__What to work on__. Below, locate the line that contains "Ariat Footwear Ariat". Repeat exactly from that line to the line that contains "Novo diamond cross", inclusive, leaving out the pictures.

__Material provided__.

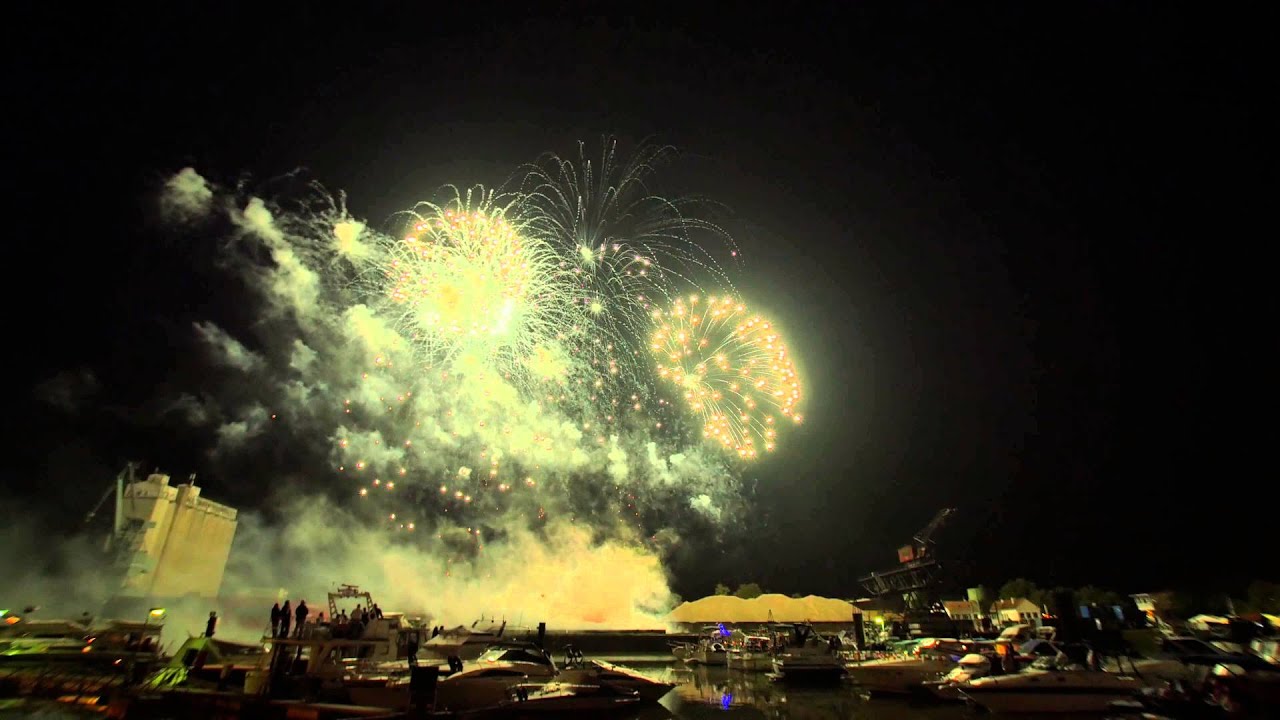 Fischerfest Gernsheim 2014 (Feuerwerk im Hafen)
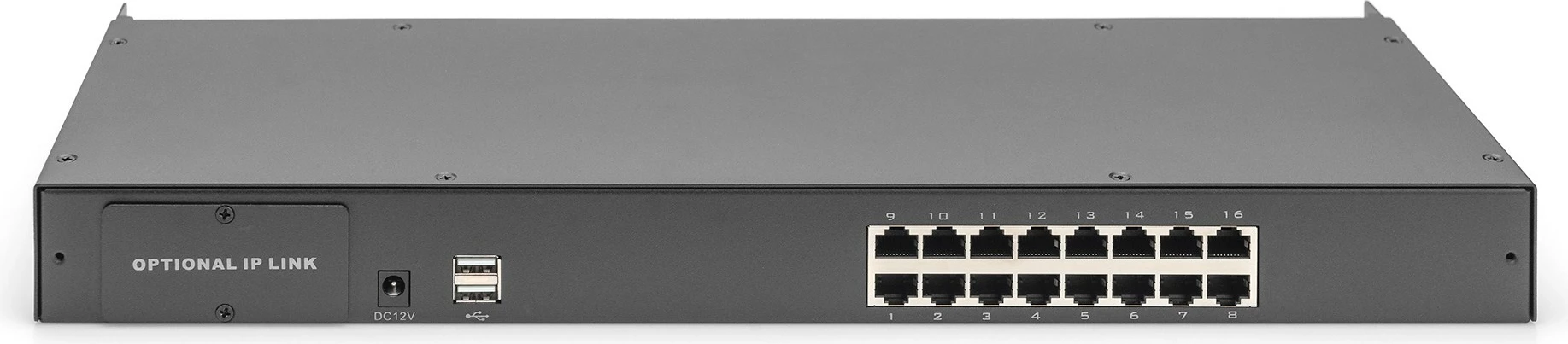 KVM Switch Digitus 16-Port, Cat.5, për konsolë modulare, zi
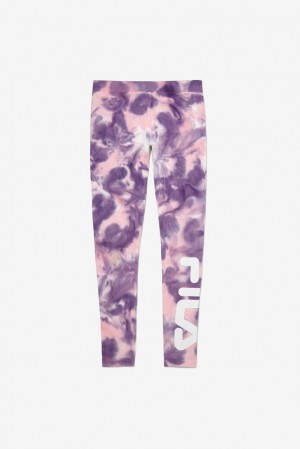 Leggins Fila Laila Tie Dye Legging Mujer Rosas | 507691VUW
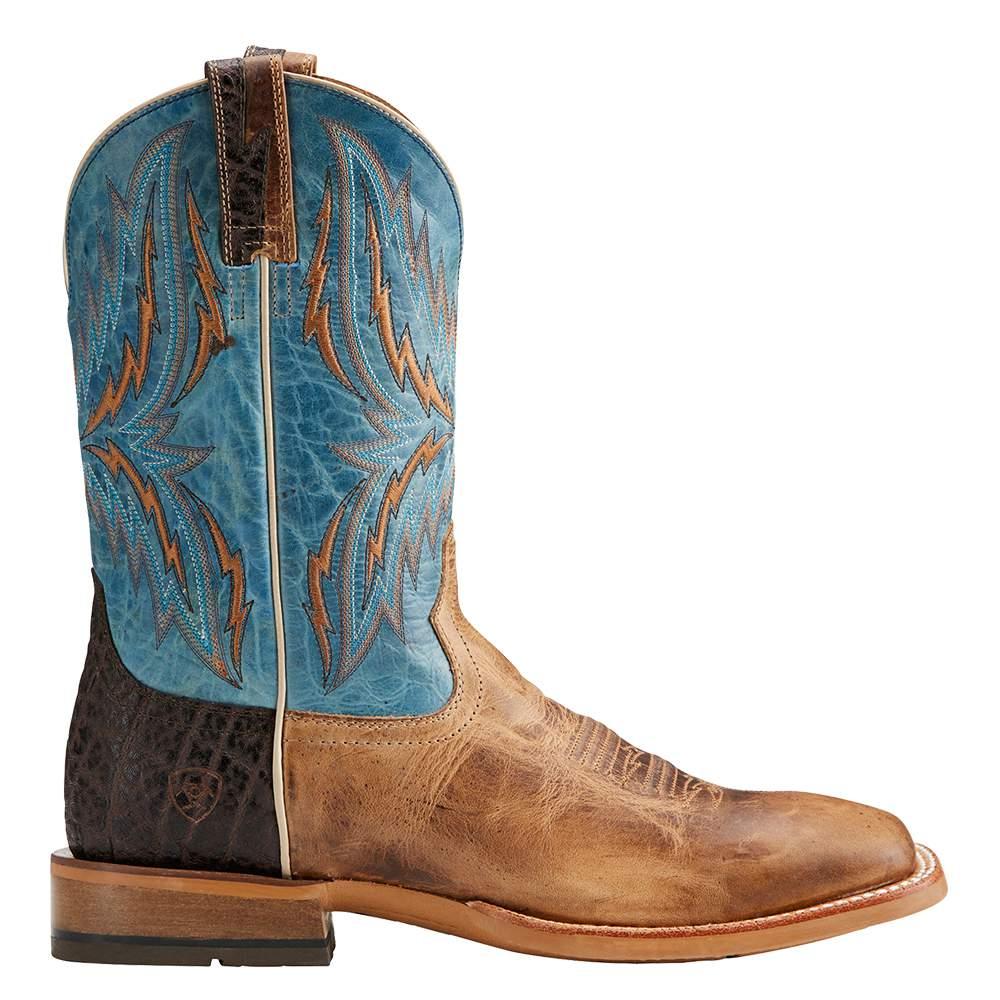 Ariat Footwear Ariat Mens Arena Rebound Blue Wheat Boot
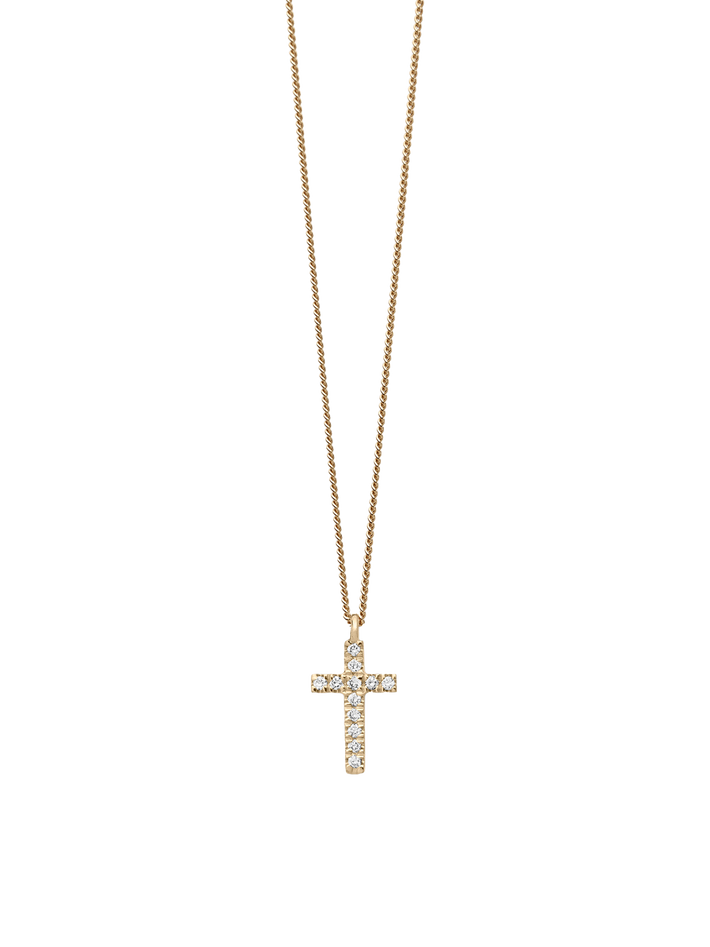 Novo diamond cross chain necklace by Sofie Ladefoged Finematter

---

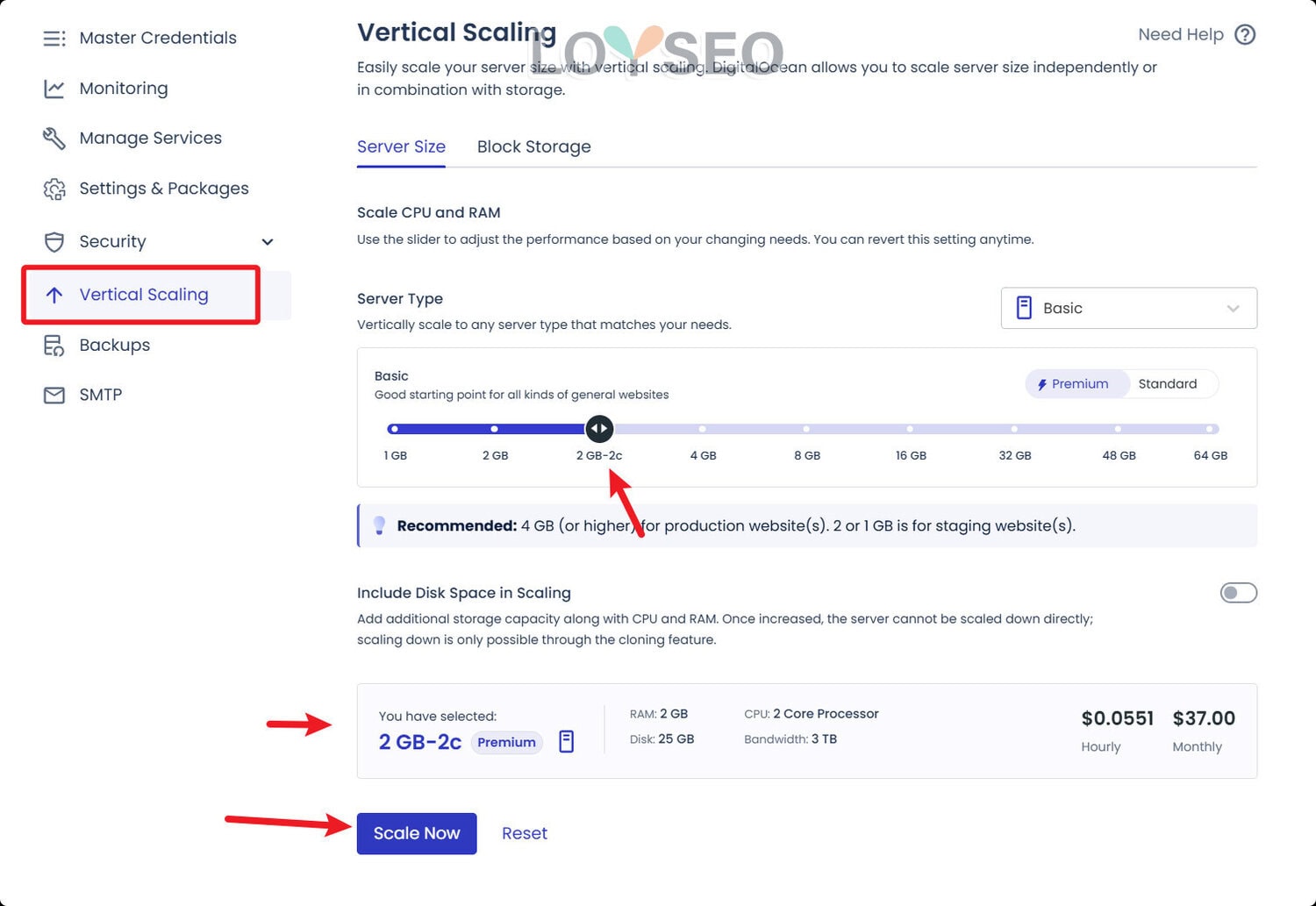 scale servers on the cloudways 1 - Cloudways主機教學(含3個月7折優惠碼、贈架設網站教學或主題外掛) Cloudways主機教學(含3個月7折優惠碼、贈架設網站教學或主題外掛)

__Solution for this problem__.
 Ariat Footwear Ariat Mens Arena Rebound Blue Wheat Boot
 Novo diamond cross chain necklace by Sofie Ladefoged Finematter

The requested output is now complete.